Mastercoin/Omni Layer

Compared to the aforementioned protocols, Mastercoin has seen more successful commercial implementation. In 2013, Mastercoin conducted the first-ever ICO in history, raising 5000 BTC and ushering in a new era. The widely known USDT, initially issued on the Bitcoin blockchain, was introduced through the Omni Layer.

Mastercoin exhibits a lower degree of dependency on Bitcoin, opting to maintain most of its state off-chain, with only minimal information stored on-chain. Mastercoin essentially treats Bitcoin as a decentralized log system, using any Bitcoin transaction to broadcast changes in asset operations. The validation of transaction effectiveness involves continuously scanning the Bitcoin blockchain and maintaining an off-chain asset database. This database preserves the mapping relationship between addresses and assets, with addresses reusing the Bitcoin address system.

Early Colored Coins primarily used the OP_RETURN opcode in scripts to store metadata about assets. After the SegWit and Taproot upgrades, new derivative protocols have more options.

SegWit, short for Segregated Witness, essentially separates the Witness (transaction input script) from the transaction. The main reason for this separation is to prevent nodes from attacking by modifying the input script. However, it comes with a benefit: effectively increasing block capacity, allowing for more storage of witness data.

Taproot introduces an important feature called MAST, enabling developers to include metadata for any asset in outputs using Merkle Trees. It leverages Schnorr signatures to enhance fungibility and scalability, and supports multi-hop transactions through the Lightning Network.

Ordinals & BRC20 and Simulated Trading: A Grand Social Experiment

In a broad sense, Ordinals consist of four components:

– A BIP for sequencing sats

– An indexer that uses the Bitcoin Core Node to track the position (ordinal) of all satoshis

– A wallet for handling ordinal-related transactions

– A block explorer to identify ordinal-related transactions

Of course, the core is the BIP/protocol itself. Ordinals define a sorting scheme (starting from 0 based on the order they are mined), assigning numbers to the smallest unit in Bitcoin, Satoshis. This imparts heterogeneity to originally homogeneous Satoshis, introducing scarcity.

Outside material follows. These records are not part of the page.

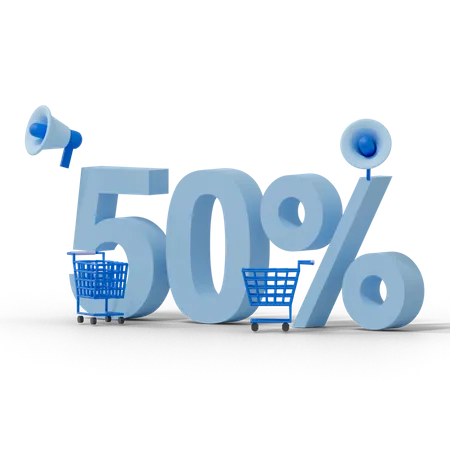 50 Percent Discount  3D Illustration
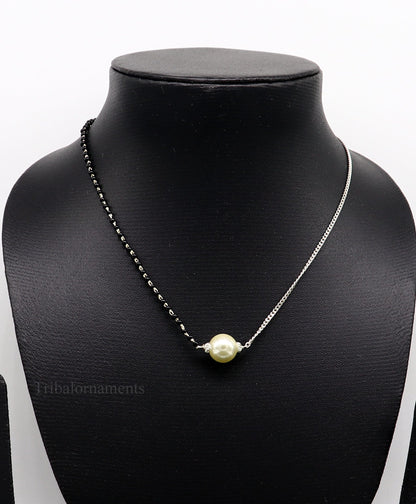 925 sterling silver black beads chain necklace, gorgeous small pearl pendant, traditional style chain beaded mangalsutra necklace set230 - TRIBAL ORNAMENTS
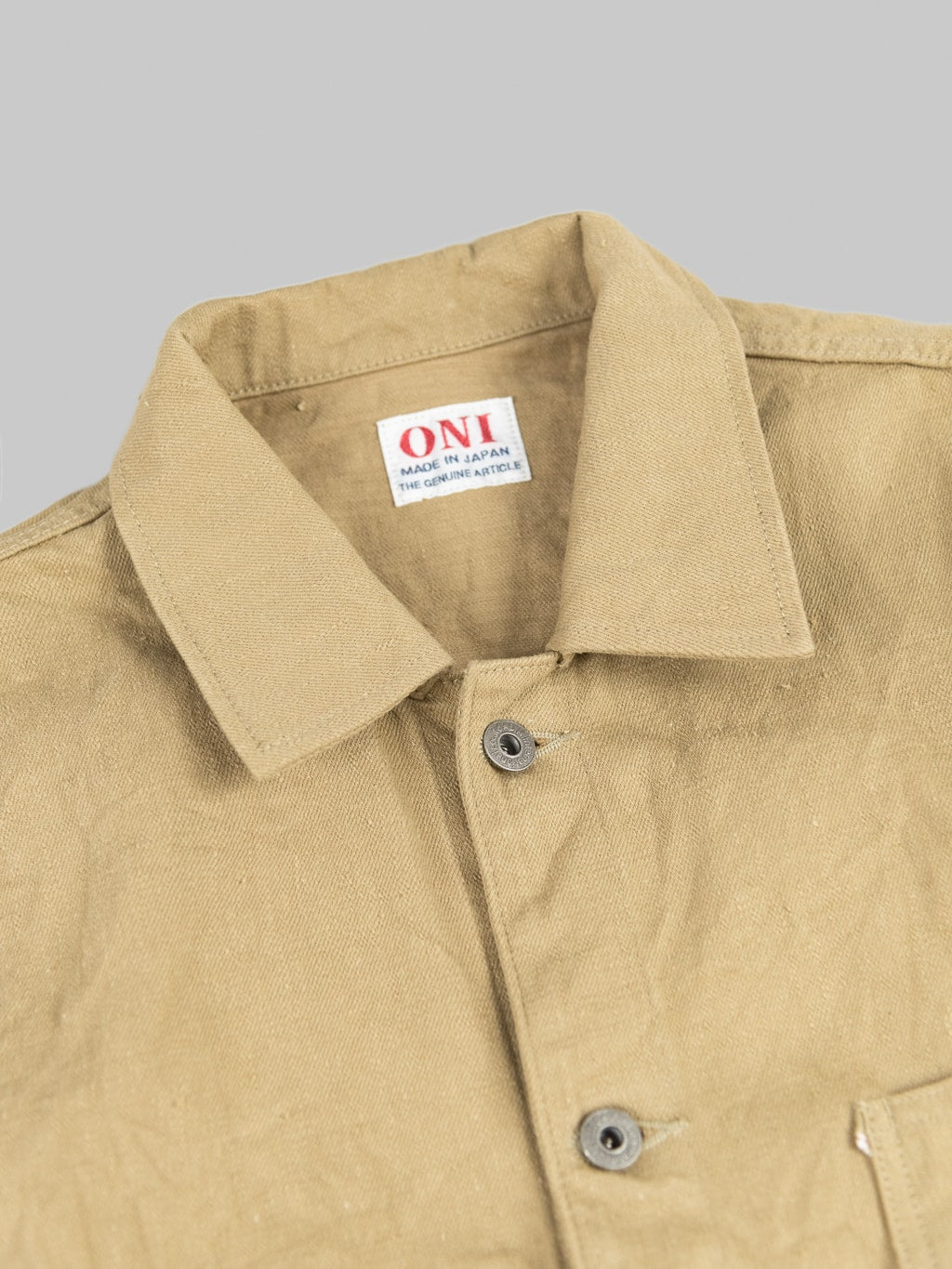 ONI Denim 03501 Sulfur Coverall Jacket Khaki Beige buttoned collar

It can reuse the infrastructure of BTC, including single signatures, multi-signatures, time locks, height locks, etc., without the need to explicitly create ordinal numbers. It offers good anonymity and leaves no explicit on-chain footprint. However, the drawbacks are evident, as a large number of small and unused UTXOs can increase the size of the UTXO set, potentially leading to what is known as a dust attack. Additionally, the space occupied by the index is significant, requiring specific information each time spending a particular sat:

– Blockchain header

– Merkle path to the coinbase transaction that created that sat

– Coinbase transaction that created that sat

To prove that a specific sat is included in a specific output.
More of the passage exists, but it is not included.